La démocratie sud-coréenne a véritablement régressé ces dernières années, en 2024 le pays est passé de la 47ème à la 62ème place dans le classement mondial de la liberté de la presse de Reporters sans frontières.
Au-delà des problèmes internes, le contexte régional exacerbe les tensions. La Corée du Nord reste une menace constante, avec ses programmes nucléaires et ses provocations militaires régulières.
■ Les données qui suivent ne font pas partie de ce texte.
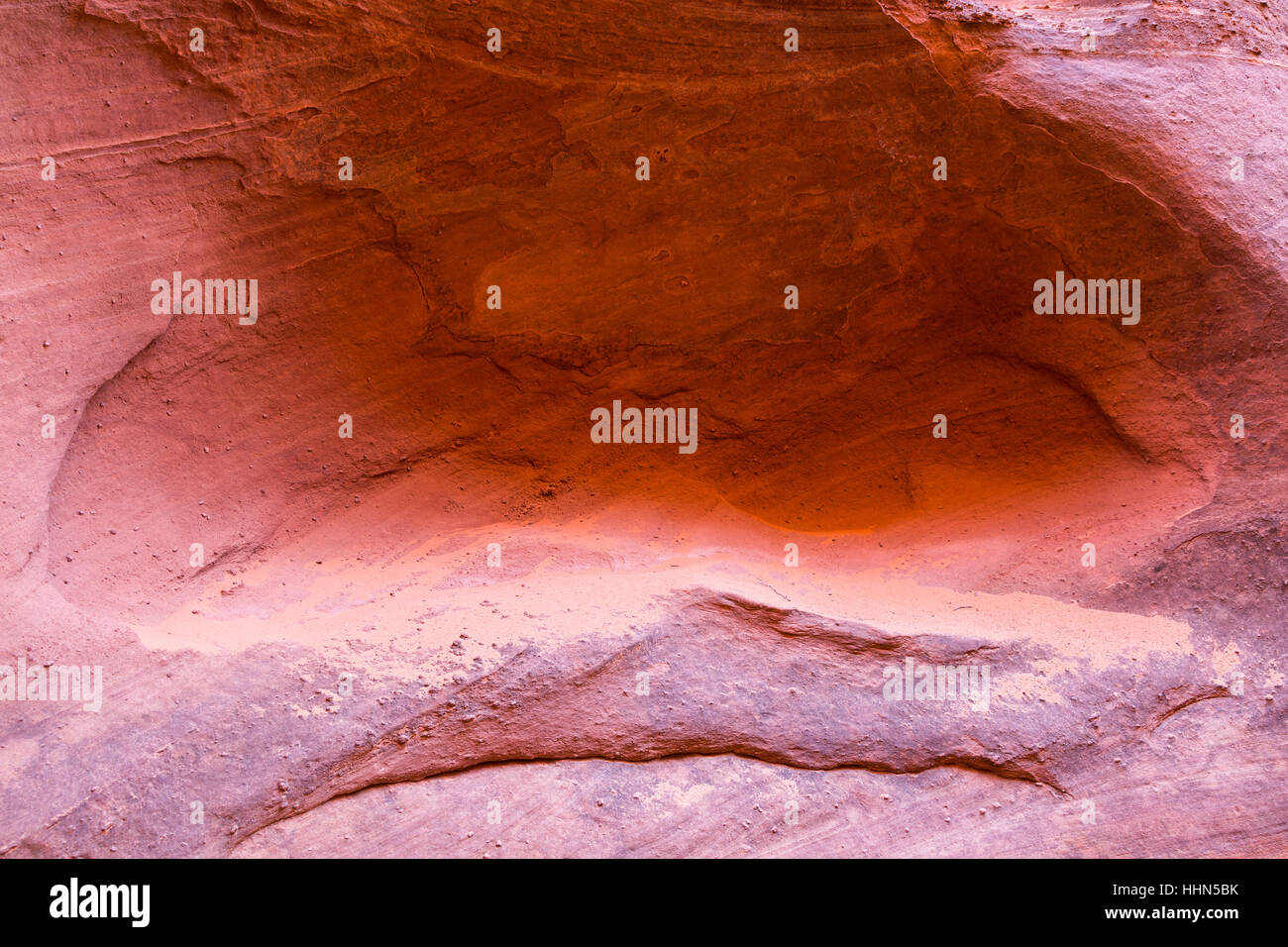 Eine kleine erodierten Sandstein Alkoven geschnitzt in die Seite des Spooky Slot Canyon. Grand Staircase-Escalante National Monument in Utah Stockfoto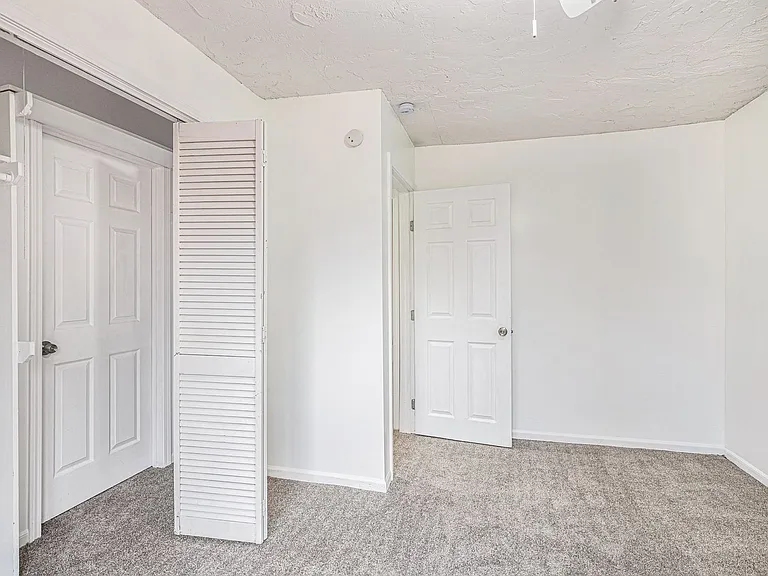 1208 S Mayview Ave — Photo 8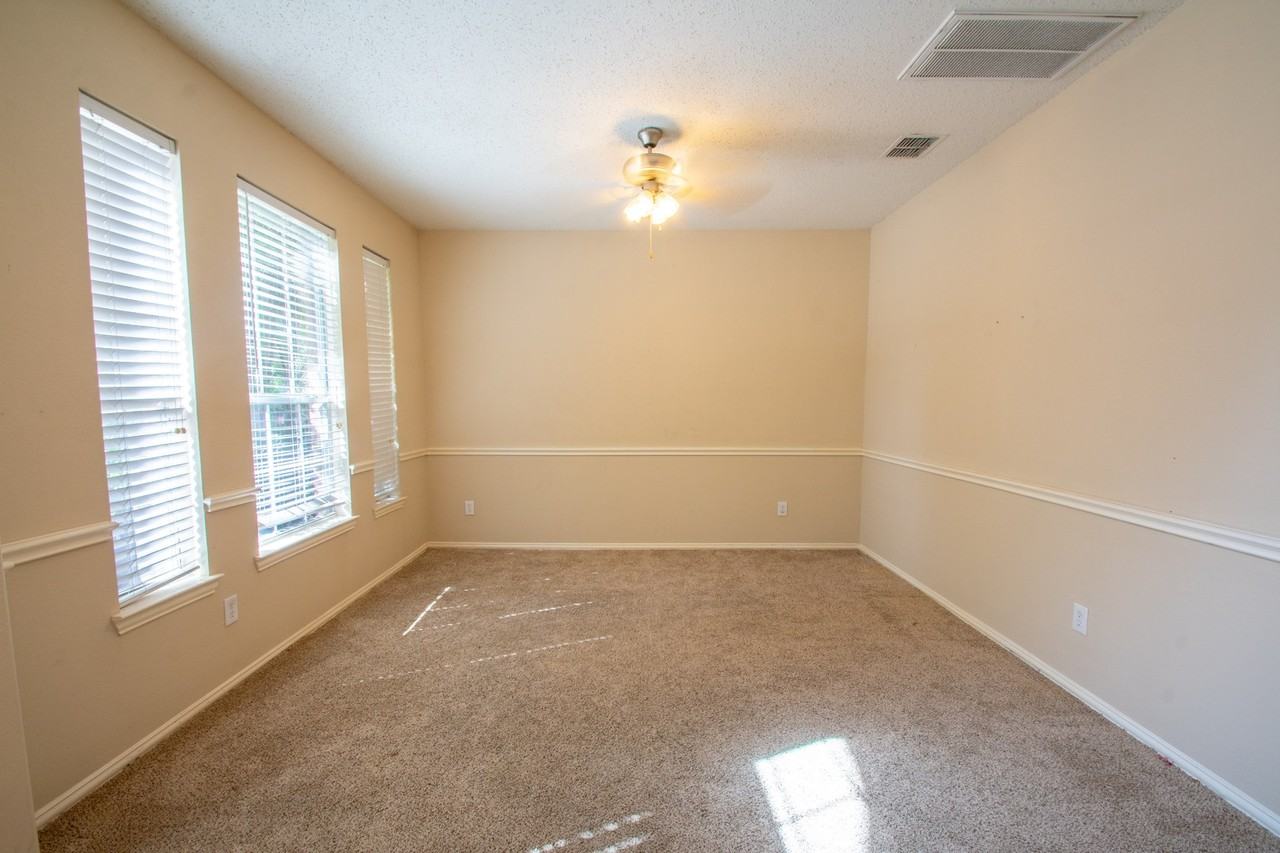 1309 Rosebrook Dr - Photo 2 of 20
Yoon Suk-yeol a tenté de justifier son initiative en invoquant ces risques, mais cette stratégie n’a pas suffi à convaincre une population attachée à ses libertés fondamentales.
Malgré cette crise politique, la réponse rapide et unanime des institutions et de la société civile sud-coréennes est la preuve du pouvoir de la mobilisation populaire et de l’attachement profond à des institutions démocratiques durement acquises. Si la situation en Corée du Sud soulève des questions sur l’avenir politique de Yoon Suk-yeol, elle offre également un message d’espoir : la démocratie, bien que fragile, peut résister aux tentatives de manipulation lorsqu’elle est soutenue par un peuple vigilant et déterminé. Dans un contexte de doute politique mondial, cette crise est un rappel des défis auxquels les démocraties peuvent être confrontées.